En 1984 debutaste en el largometraje como director, con El caso Almería. ¿No piensas que tu trabajo como cineasta es casi una prolongación de tu oficio periodístico? 

Tratamos de no hacerla tan periodística, pero evidentemente estábamos contando cosas que habían pasado. Con lo de Interviú, mi ilusión por el periodismo había disminuido, porque se había convertido en una especie de rutina, y entonces me planteé hacer cine, sobre todo al ganar las elecciones los socialistas en 1982. Pensaba que al no haber censura, sería posible hacer otro tipo de cine. Cuando sucedió “el caso Almería” yo estaba en Estados Unidos, y me enteré por la prensa. Entonces, cuando empezábamos a preparar la película, viajamos a Almería Manolo Marinero y yo. El abogado, que es quien levantó aquella historia, nos empapó de todo. Nos lo planteamos más como una película americana que como una película italiana.
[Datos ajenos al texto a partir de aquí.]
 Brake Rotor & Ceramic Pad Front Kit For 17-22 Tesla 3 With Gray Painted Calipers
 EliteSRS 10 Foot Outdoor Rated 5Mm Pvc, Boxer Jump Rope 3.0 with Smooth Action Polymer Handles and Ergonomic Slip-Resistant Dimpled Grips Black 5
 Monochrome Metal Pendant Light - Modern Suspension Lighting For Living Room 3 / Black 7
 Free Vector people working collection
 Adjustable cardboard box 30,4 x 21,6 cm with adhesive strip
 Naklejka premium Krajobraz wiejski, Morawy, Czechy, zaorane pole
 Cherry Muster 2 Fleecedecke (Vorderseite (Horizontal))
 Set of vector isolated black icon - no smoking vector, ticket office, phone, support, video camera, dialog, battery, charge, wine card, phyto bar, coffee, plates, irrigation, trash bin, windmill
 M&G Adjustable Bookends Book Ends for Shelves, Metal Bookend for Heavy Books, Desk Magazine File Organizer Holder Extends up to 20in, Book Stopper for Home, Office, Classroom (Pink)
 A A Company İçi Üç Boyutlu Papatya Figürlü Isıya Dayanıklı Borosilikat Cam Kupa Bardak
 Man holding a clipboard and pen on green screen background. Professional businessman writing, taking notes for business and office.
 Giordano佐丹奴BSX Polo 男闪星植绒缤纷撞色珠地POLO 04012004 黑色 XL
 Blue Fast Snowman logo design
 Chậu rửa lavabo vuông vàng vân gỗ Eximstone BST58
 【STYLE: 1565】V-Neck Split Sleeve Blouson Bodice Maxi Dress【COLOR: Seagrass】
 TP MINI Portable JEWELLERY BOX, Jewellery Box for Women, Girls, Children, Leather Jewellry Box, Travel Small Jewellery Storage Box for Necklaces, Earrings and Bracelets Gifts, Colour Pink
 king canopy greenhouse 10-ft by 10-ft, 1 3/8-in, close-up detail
Antes que hacer una crónica, dimos el protagonismo al abogado, que lo interpretó Agustín González, y era un tipo que por encima de todo quería demostrar la verdad. Contra todos, y por primera vez en la historia, él conseguía que un jefe militar fuese condenado en un tribunal ordinario.



La película fue un éxito impresionante: tuvo un millón y medio de espectadores, cifra que no ha alcanzado ninguna de las otras películas que he dirigido o producido. Había unas colas impresionantes en los cines; yo llevaba a mi madre a verla, que estaba emocionada. Me decía los domingos: «Mira, mira. La cola da la vuelta a la manzana…»

Amantes (Vicente Aranda, 1991)


Poco después emprendiste la serie televisiva La huella del crimen, una serie ya clásica que muestra crímenes célebres españoles. 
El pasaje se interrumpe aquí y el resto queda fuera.